In college David discovered dramatics. Creating a character, becoming a whole new person! Surely that could shield him from the monstrousness of his evil. He performed in college plays, and two days after graduation moved to Los Angeles to become an actor. After only three months of auditions, he was cast as Billy, high schooler turned superhero in Mighty Morphin Power Rangers (1993-96).
Each of the power rangers was a superhero, but they could also combine into the giant robot Megazoid, losing their individual identities for the greater good. David wished he could do that in real life, dissolve into an ocean of life where male/female, black/white, gay/straight didn't matter.
He wasn't out at work, but he must have had the Mark of Cain on his forehead, since the jokes and slurs started almost immediately.
"Why don't you have a girlfriend?"
"You looking at my butt, fag?"
"Don't you ever worry about the kids watching you prance around like a little faggot?"
"Why are you the Blue Power Ranger?

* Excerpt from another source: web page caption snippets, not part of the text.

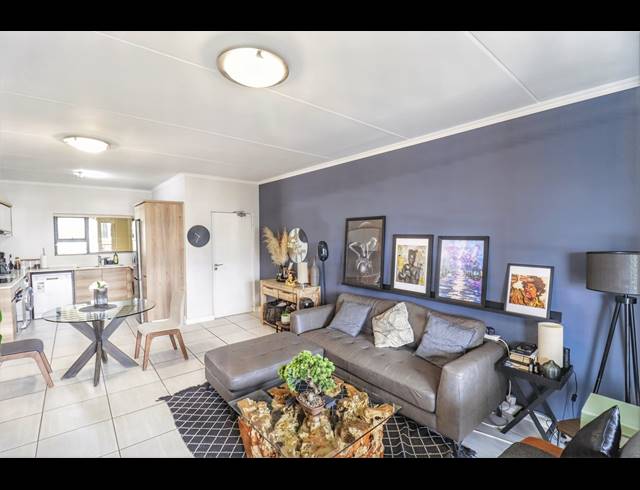 2 BEDROOM APARTMENT FOR SALE IN WATERFALL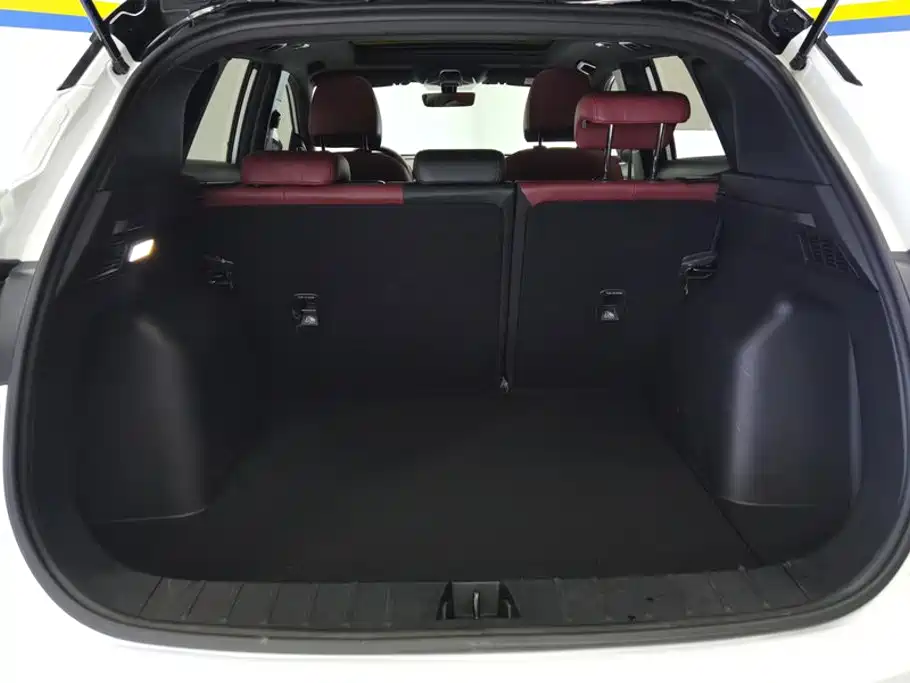 Geely Binyue — миниатюра 4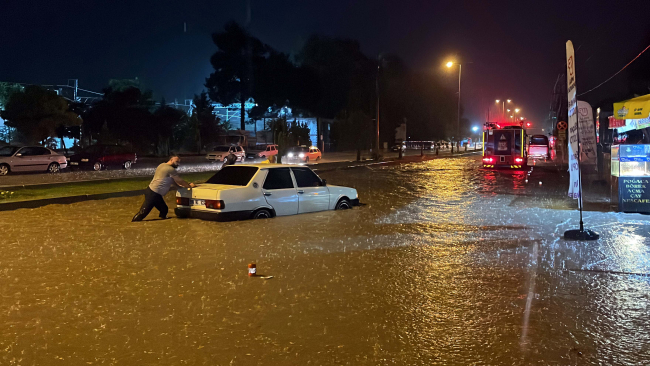 Sağanak ve dolu tarım arazilerini vurdu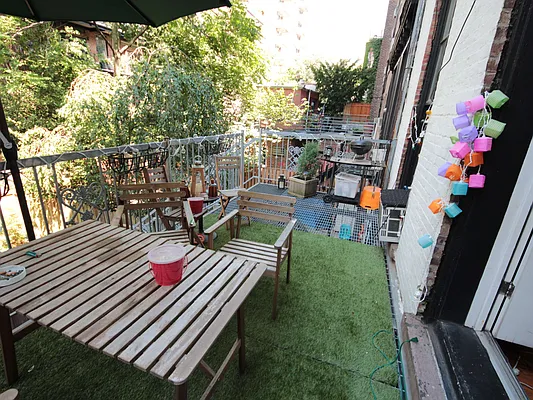 Rented by Bien Realty Ltd | media 54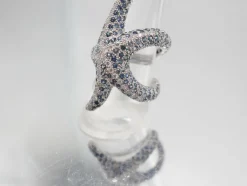 Bague étoile de mer or blanc saphirs et diamants
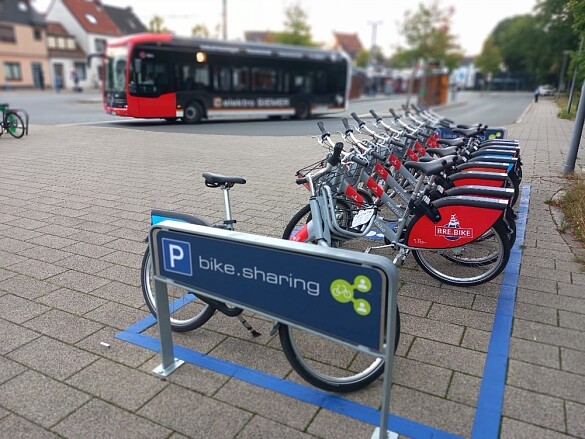 Blick auf eine Bre.Bike-Station mit abgestellten Rädern in Huckelriede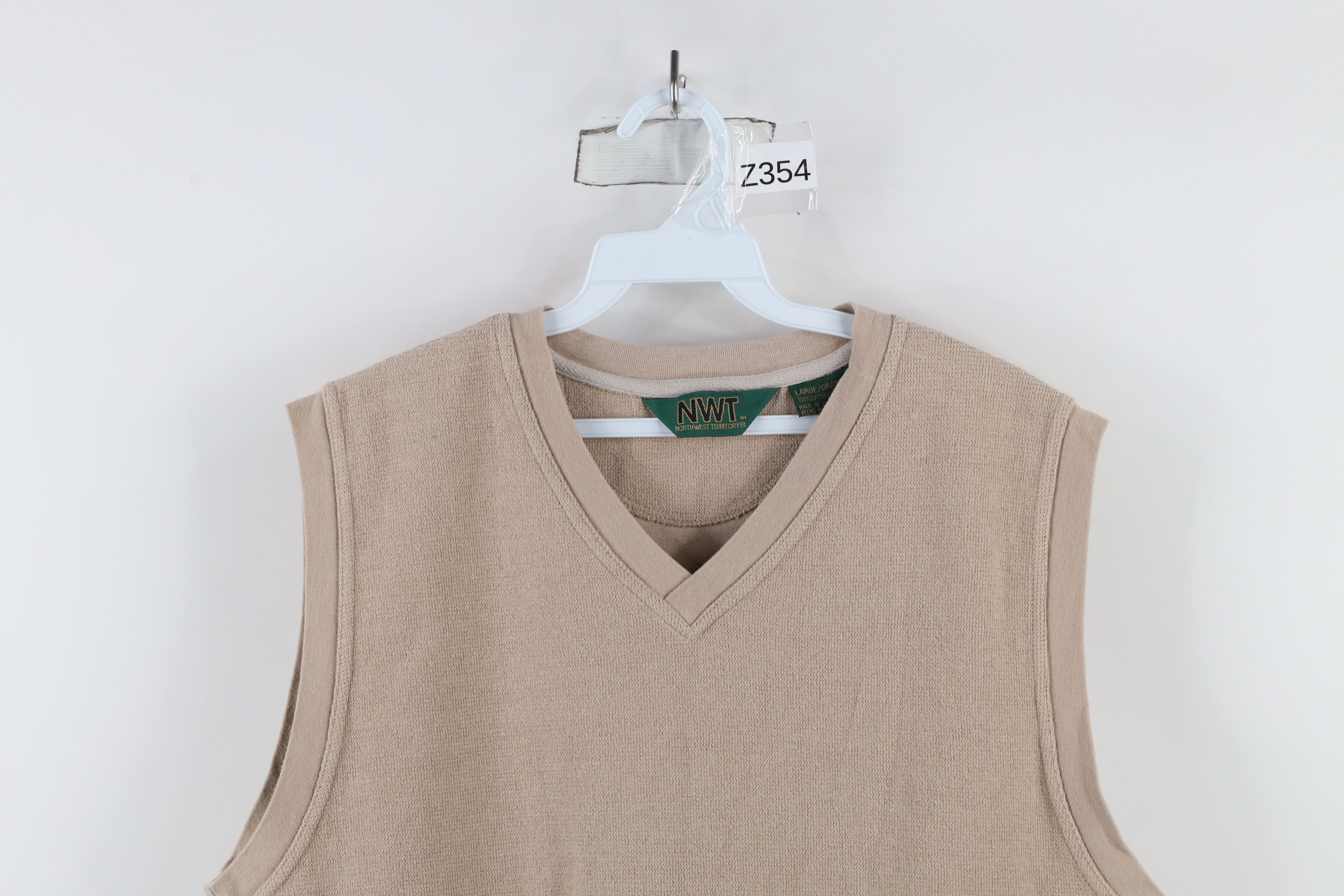 Vintage Vintage 90s Streetwear Textured V-Neck Sweater Vest Beige Size US L / EU 52-54 / 3 - 2 Thumbnail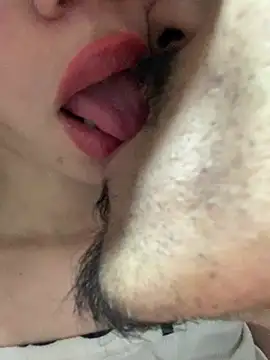 Snapshot of yasmina2020 chatting on 03-15-26, 10:27 yasmina2020 online show from 03-15-26, 10:27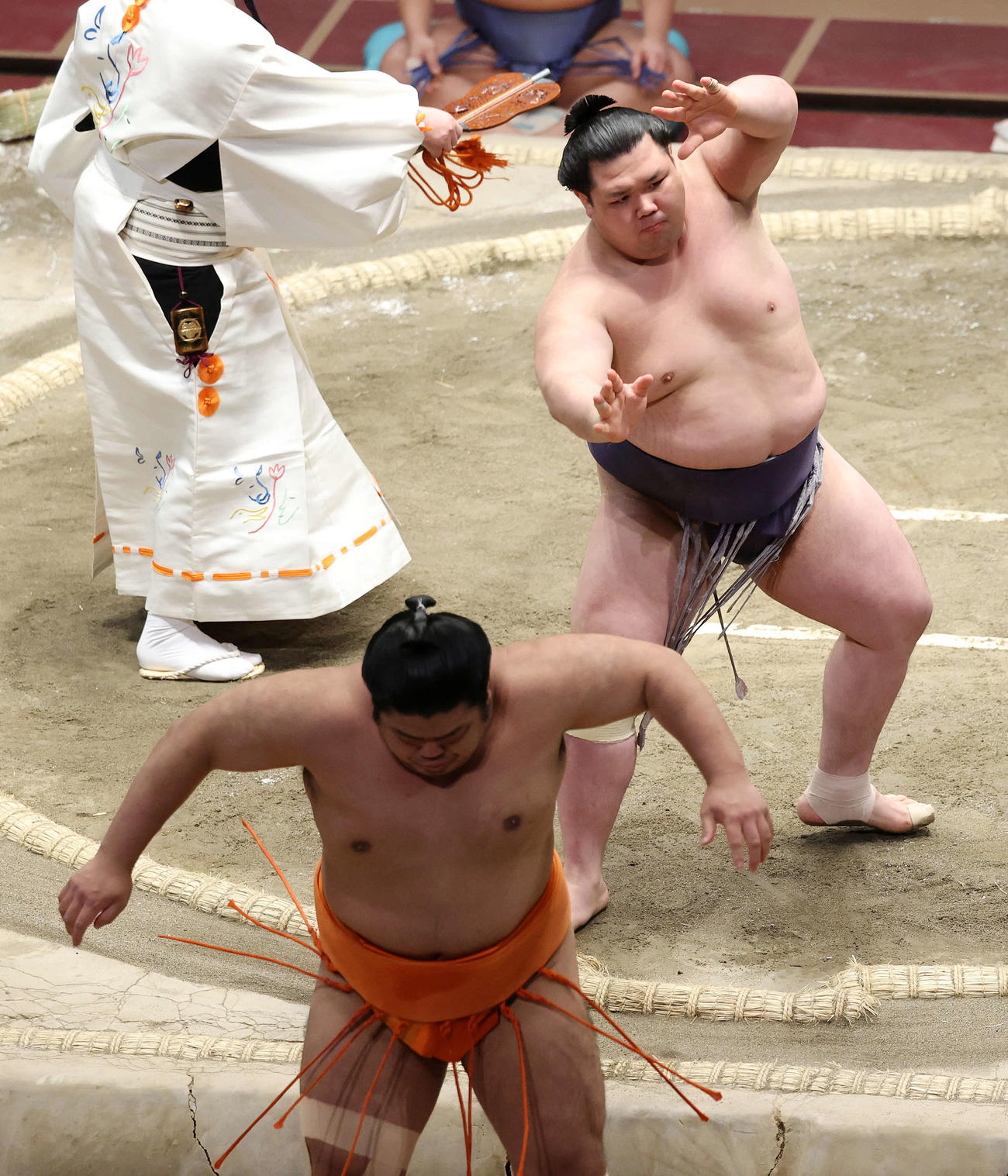 志摩ノ海（手前）を突き出しで破る阿武咲（撮影・鈴木正人）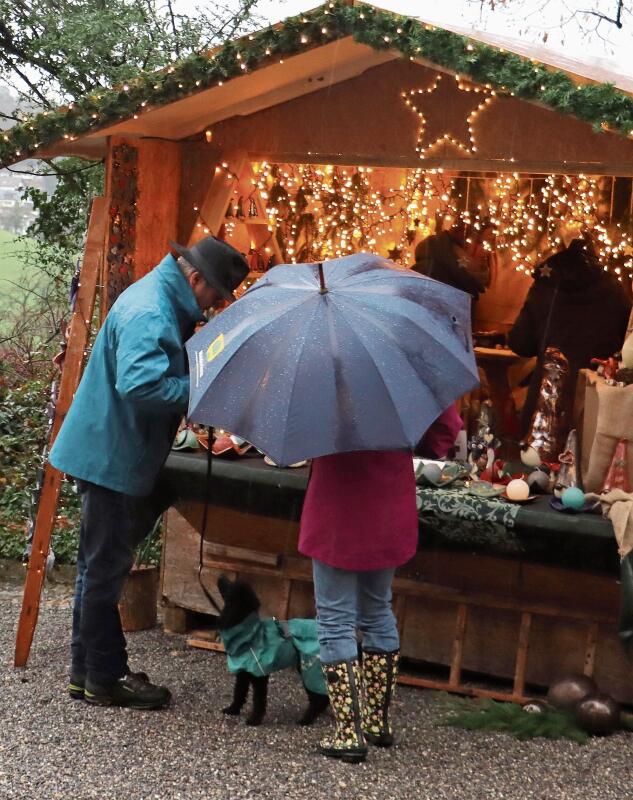 Regenschutz für Zwei- und Vierbeiner.Foto: Romi Schmid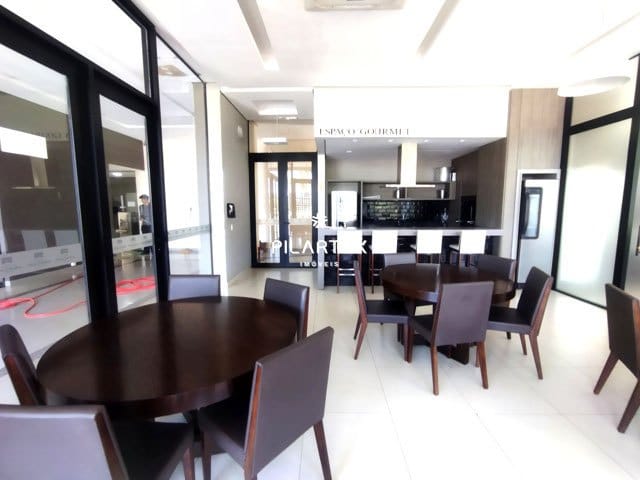 Terreno com 260m², à venda, no bairro Conjunto Habitacional Alexandre Urbanas em Londrina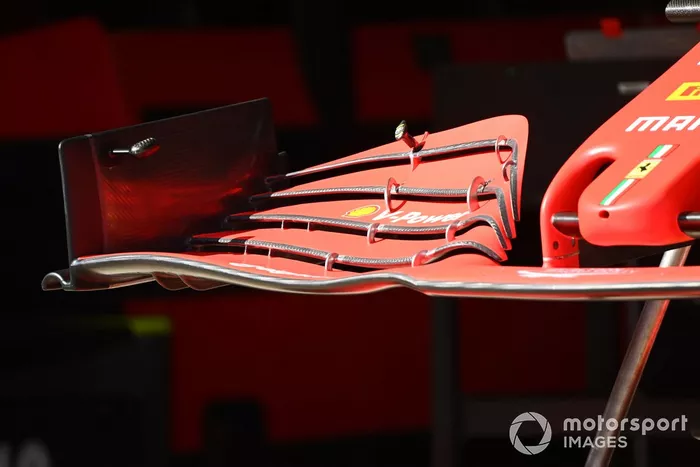 Ferrari: asa dianteira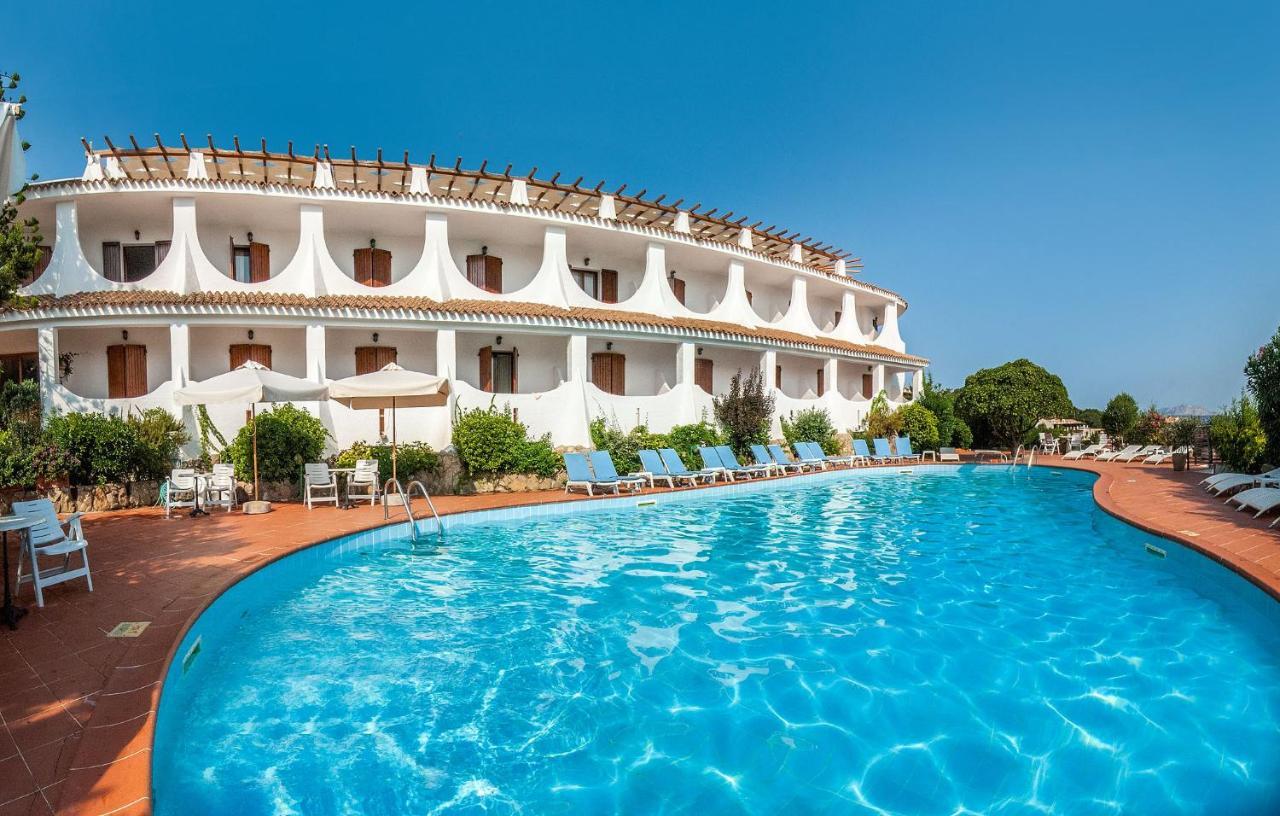Hotel Punta Est Baja Sardinia Esterno foto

Shouldn't it be Tutti-Frutti?"
David didn't participate in the gay world at all. He never set foot in a gay bar, never picked up The Advocate or Frontiers, never dated, just an occasional hookup to relieve the pressure, mostly from Power Ranger groupies and sleazy older guys. Once he accepted a date with Eddie Mekka, Carmine on Laverne and Shirley, but then he found out that Mekka was married, cheating on his wife, and called it off.
That only confirmed his belief that gay life was tawdry and sinister, that gay people were disrespectable, lurking in public restrooms, preying on kids.
He prayed a lot, and went to church, trying Episcopalian, Presbyterian, Baptist, Mormon, Pentecostal. Plus Buddhist meditation and New Age past-life regressions.
A hookup told him about an actual gay minister, out to his congregation. His name was Fred, and he lived in Fresno with his partner Matt. They talked several times on America Online.
One Saturday in November 1995, David drove 3 1/2 hours north to meet them.